I deeply apologise for not living up to your expectations.


----------



## Holla (Mar 23, 2015)

I own a regular 3DS XL that I got back in July 2013! It's NA's Blue/Black colour (so Blue on the outside, Black on the inside) ^.^ I've only had the clear Pokemon case for about a month though. (I imported it from Japan).  I have no intensions of upgrading to the New 3DS, I love mine just the way it is.



​


----------



## Alienfish (Mar 23, 2015)

Nice collections, I actually had a Black 3DS at one point, it even had the ambassador games on it because I bought it used 

Debating on if I should get one of these 'new' ones for OR/AS or AC NL though


----------



## Coach (Mar 23, 2015)

I have a Red and Black 3DS XL. It's really weird when you play on an XL then go back to a regular sized one o.o


----------



## Mariah (Mar 23, 2015)

We already have this thread.


----------



## Alienfish (Mar 23, 2015)

Coach said:


> I have a Red and Black 3DS XL. It's really weird when you play on an XL then go back to a regular sized one o.o


ah, haha yes it is, but i liked the edges better and the layout were easier on me

felt a bit weird to get a slim ps vita though but it feels better in my hand since they're small.


----------



## matt (Mar 23, 2015)

Mariah said:


> We already have this thread.



Oh well 
we have loads of duplicate threads and oversized signatures
But life's not perfect


----------



## Mariah (Mar 23, 2015)

matt said:


> Oh well
> we have loads of duplicate threads and oversized signatures
> But life's not perfect



That's why you report them.


----------



## cosmic-latte (Mar 23, 2015)

Mariah said:


> We already have this thread.



My bad.

- - - Post Merge - - -



Holla said:


> I own a regular 3DS XL that I got back in July 2013! It's NA's Blue/Black colour (so Blue on the outside, Black on the inside) ^.^ I've only had the clear Pokemon case for about a month though. (I imported it from Japan).  I have no intensions of upgrading to the New 3DS, I love mine just the way it is.
> 
> 
> 
> ​



I love your case!


----------



## EpicLazer (Mar 24, 2015)

I have the plainest Black 3DS XL.






Ech


----------



## RosieThePeppyCat (Mar 24, 2015)

cosmic-latte said:


> What type of 3DS do you own and what does it look like? Mine is a blue Pokemon X and Y limited edition 3DS XL.
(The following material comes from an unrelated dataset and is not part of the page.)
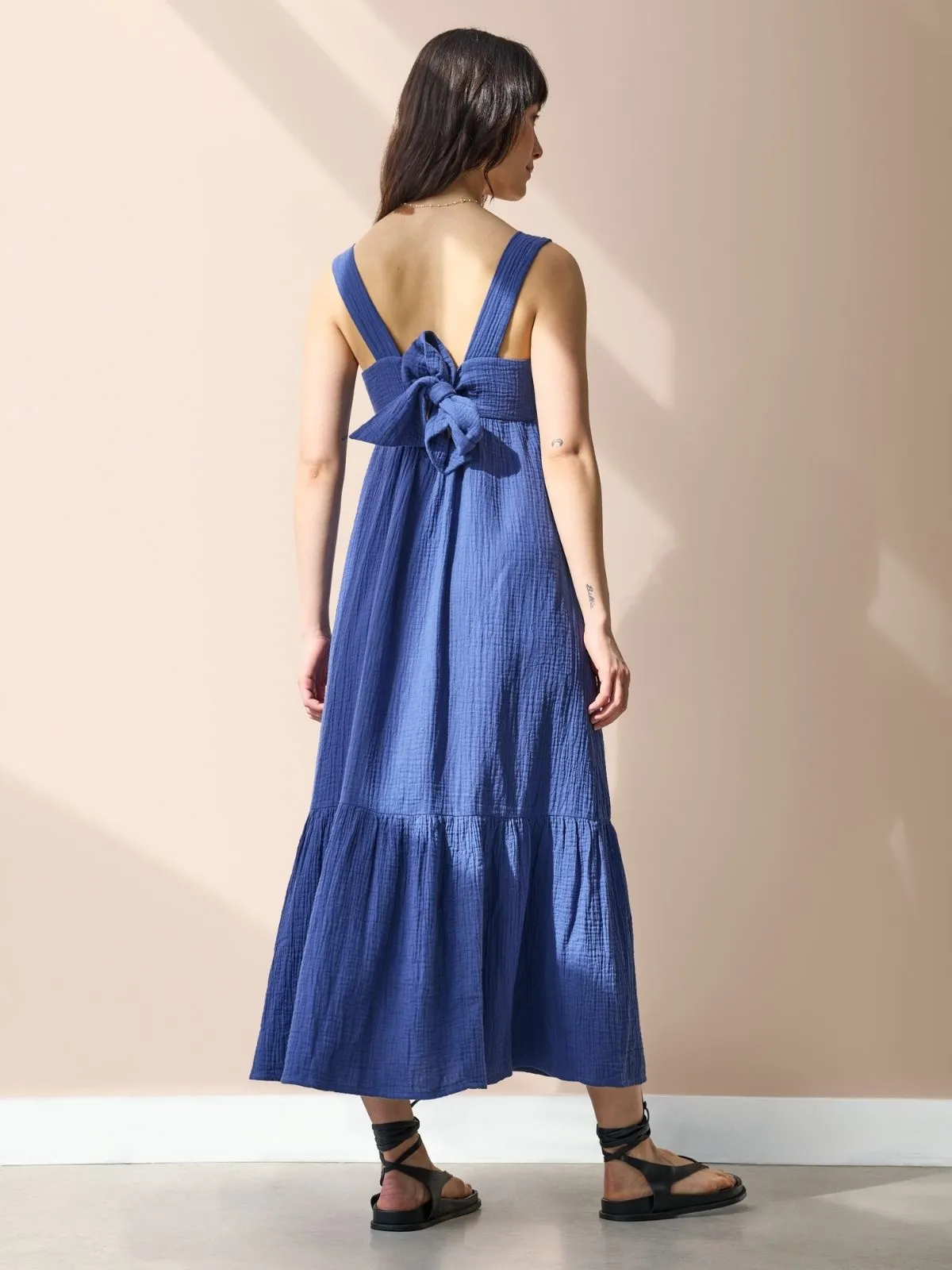 Ivy Double Cotton Gauze Dress - Blue sold by iris product image thumbnail 2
Mines the same as yours!! I love my 3DS. <3 My sister has the red version of this and my little sister has a Pink XL.


----------



## Moddie (Mar 24, 2015)

I also have the blue X and Y limited edition 3DS XL. I love it so much. I'm glad that in the end I picked the blue over the red.


----------



## Chris (Mar 24, 2015)

As has already been pointed out, we do already have an existing thread for this here so please use that one instead. 

But, to answer the question, I have the same blue Pok?mon 3DS XL as the OP.


----------